Input data —
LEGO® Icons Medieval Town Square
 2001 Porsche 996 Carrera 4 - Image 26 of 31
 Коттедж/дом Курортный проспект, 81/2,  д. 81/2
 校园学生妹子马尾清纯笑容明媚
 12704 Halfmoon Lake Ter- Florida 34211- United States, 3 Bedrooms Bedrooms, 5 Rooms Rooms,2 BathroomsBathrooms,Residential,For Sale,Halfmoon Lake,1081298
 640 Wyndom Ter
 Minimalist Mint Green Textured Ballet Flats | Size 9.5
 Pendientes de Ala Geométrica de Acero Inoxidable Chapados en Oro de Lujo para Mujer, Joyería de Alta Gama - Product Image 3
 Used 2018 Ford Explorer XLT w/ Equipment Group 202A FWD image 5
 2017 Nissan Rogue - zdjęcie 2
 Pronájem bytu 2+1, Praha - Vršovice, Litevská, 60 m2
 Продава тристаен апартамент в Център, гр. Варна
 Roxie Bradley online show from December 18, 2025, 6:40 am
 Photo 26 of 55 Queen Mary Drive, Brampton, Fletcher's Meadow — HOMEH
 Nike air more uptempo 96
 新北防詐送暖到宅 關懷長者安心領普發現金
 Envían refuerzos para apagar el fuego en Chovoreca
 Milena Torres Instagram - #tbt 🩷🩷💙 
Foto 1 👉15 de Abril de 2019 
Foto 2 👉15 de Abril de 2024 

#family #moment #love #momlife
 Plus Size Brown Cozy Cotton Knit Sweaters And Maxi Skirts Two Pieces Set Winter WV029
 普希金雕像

Problem —
Write out precisely the lines from the one holding "校园学生妹子马尾清纯笑容明媚" through the end of the material, including both of those ends.

Answer for this exercise —
 校园学生妹子马尾清纯笑容明媚
 12704 Halfmoon Lake Ter- Florida 34211- United States, 3 Bedrooms Bedrooms, 5 Rooms Rooms,2 BathroomsBathrooms,Residential,For Sale,Halfmoon Lake,1081298
 640 Wyndom Ter
 Minimalist Mint Green Textured Ballet Flats | Size 9.5
 Pendientes de Ala Geométrica de Acero Inoxidable Chapados en Oro de Lujo para Mujer, Joyería de Alta Gama - Product Image 3
 Used 2018 Ford Explorer XLT w/ Equipment Group 202A FWD image 5
 2017 Nissan Rogue - zdjęcie 2
 Pronájem bytu 2+1, Praha - Vršovice, Litevská, 60 m2
 Продава тристаен апартамент в Център, гр. Варна
 Roxie Bradley online show from December 18, 2025, 6:40 am
 Photo 26 of 55 Queen Mary Drive, Brampton, Fletcher's Meadow — HOMEH
 Nike air more uptempo 96
 新北防詐送暖到宅 關懷長者安心領普發現金
 Envían refuerzos para apagar el fuego en Chovoreca
 Milena Torres Instagram - #tbt 🩷🩷💙 
Foto 1 👉15 de Abril de 2019 
Foto 2 👉15 de Abril de 2024 

#family #moment #love #momlife
 Plus Size Brown Cozy Cotton Knit Sweaters And Maxi Skirts Two Pieces Set Winter WV029
 普希金雕像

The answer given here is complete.